After making peace with the Pope, John then attempted the re-conquering of his lost French provinces. During John’s reign there is no doubt that he mistreated his Barons, but so did plenty of other medieval Kings. Lands were stolen, heirs disappeared, money demanded, Nobles were thrown in prisons unjustly without reason, but this had been happening for years to the peasants. Why should the Barons suddenly start to care now? From his military campaigns to other parts of the British Isles John had demanded military service or ‘scutage’ constantly over some five years. The Barons began to feel the full cost of John’s ambitions. Now with John demanding more military service and scutage from his Barons, the question was raised among them: “how many times a year can the King command this?”

The Barons finally revolted (the majority of the Barons were from the North) and civil war broke out. John was forced to sign Magna Carta. Although Magna Carta is only concerned with various freedoms for the Barons and Noblemen in England, it was still an establishment of some sort of common law. The laws contained within its pages laid the basis for English constitutional liberties, and ensured that the King was beneath the law, not greater than it.. But the King didn’t lose all his rights of kingship; the Nobles just had the ability to judge him. The King could not simply do as he pleased without the consent of his Barons. The “Government of England had to be accountable to the sovereignty of the law” which meant the “King could be brought to book for violating it (the law)” (BBC History of Britain, 2002), The problem with John was his inability to deal with individuals. This may have been due to childhood memories of his father’s betrayal by Thomas A’Beckett, or his parent’s constant hostilities, and his family’s fratricidal struggles. These things must have inflicted on him a lack of trust in others from a young age . This would explain John’s treatment of people, especially his Barons: “John assuming disloyalty ended up guaranteeing it. Blackmail and extortion, threats to Barons instead of promises” (BBC History of Britain, 2002). Since John wholly believed in the King’s absolute power he pressed his position harder upon people than would be wise. He expected his every will and whim to be carried out unquestioned and had little time for people who failed to follow out his orders. When John passed laws he was there to enforce them. This had not happened during Richard I’s rule when Barons and Nobles had free reign over England, which could explain the Barons reluctance of John’s firm ruling. “The fact alone that John, unlike his predecessors on the throne, spent most of his time in England made his rule more oppressive.” (Britannica 1984)

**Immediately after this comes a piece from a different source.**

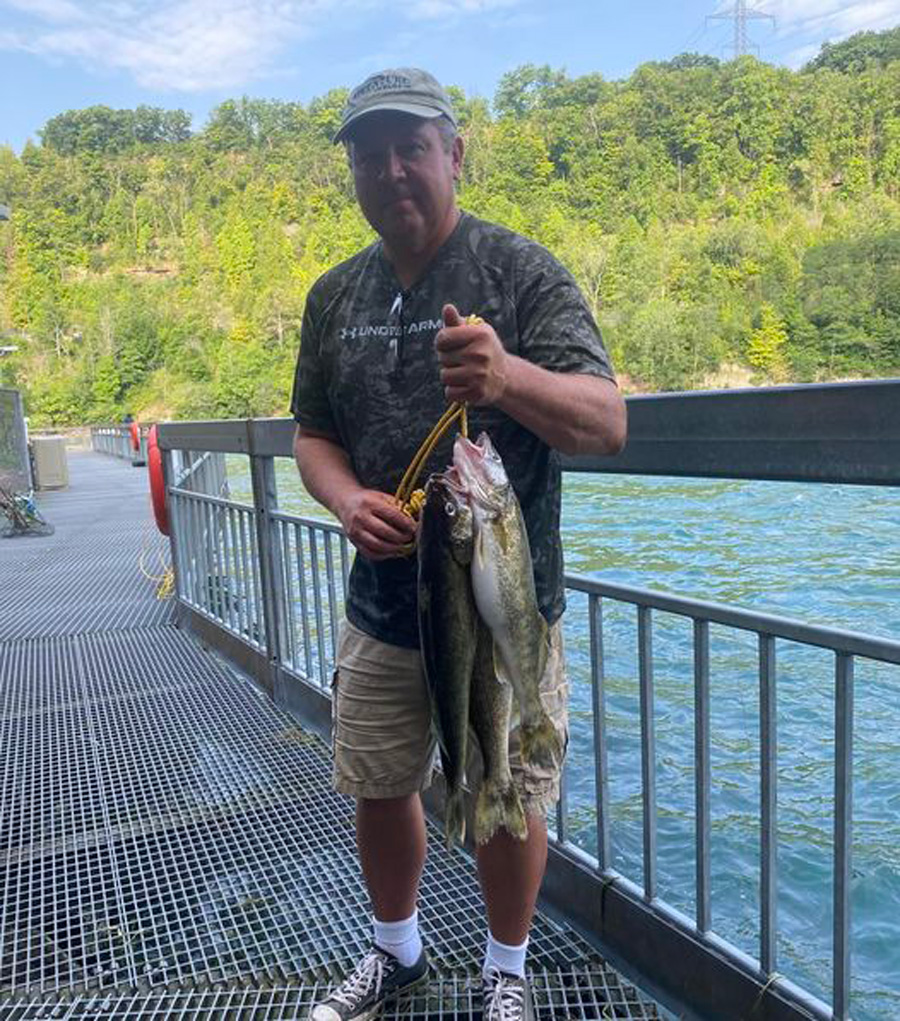 Tommy Holycross with walleyes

King John had a lot of opposition and dealt with it well. His reign lasted 17 years. He held together his bickering dominions under pressure from the French and the Papacy. Although it is true that he contributed to the loss of the Angevine provinces in France, quarrelled with the Pope and abused his Royal and Feudal privileges,. John was only unpopular because he had to fix the depleted treasury left by Richard I. It would be unfair to judge him from what the monastic chroniclers have written, because their writings are based on rumours and gossip aimed at a Monarch who had estranged the Church and dismissed the clergy. King John was a stubborn man who lacked a level head, but was in no way a tyrant King. He was a clever man who simply was not endowed with good diplomacy or people skills.